Problem details: In the records below, find the line that contains "Wheat 13s T" and repeat it, along with each line after it, exactly as written.

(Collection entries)
*** Begin section ***
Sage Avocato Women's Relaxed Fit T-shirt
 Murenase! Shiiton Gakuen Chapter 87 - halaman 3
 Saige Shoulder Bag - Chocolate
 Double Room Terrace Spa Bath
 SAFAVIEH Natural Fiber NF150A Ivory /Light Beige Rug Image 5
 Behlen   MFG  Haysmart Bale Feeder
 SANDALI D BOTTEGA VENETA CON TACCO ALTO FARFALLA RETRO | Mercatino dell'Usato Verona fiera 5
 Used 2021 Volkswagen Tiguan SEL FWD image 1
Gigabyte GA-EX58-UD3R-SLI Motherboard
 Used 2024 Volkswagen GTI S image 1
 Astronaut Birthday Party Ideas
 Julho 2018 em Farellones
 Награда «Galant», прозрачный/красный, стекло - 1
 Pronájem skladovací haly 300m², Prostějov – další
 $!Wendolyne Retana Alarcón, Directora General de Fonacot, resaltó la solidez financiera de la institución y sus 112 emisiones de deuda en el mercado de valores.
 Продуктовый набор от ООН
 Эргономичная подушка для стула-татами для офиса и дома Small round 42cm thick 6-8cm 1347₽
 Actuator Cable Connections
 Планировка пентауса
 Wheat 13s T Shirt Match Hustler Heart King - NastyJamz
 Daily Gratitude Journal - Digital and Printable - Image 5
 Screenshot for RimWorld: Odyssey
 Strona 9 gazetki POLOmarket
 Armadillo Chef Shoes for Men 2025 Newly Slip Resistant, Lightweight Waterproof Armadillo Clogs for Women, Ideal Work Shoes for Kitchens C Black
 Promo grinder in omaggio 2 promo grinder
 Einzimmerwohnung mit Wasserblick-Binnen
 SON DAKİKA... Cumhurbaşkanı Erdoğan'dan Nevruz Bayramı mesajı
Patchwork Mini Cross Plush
*** End section ***
Result of the exercise:
 Wheat 13s T Shirt Match Hustler Heart King - NastyJamz
 Daily Gratitude Journal - Digital and Printable - Image 5
 Screenshot for RimWorld: Odyssey
 Strona 9 gazetki POLOmarket
 Armadillo Chef Shoes for Men 2025 Newly Slip Resistant, Lightweight Waterproof Armadillo Clogs for Women, Ideal Work Shoes for Kitchens C Black
 Promo grinder in omaggio 2 promo grinder
 Einzimmerwohnung mit Wasserblick-Binnen
 SON DAKİKA... Cumhurbaşkanı Erdoğan'dan Nevruz Bayramı mesajı
Patchwork Mini Cross Plush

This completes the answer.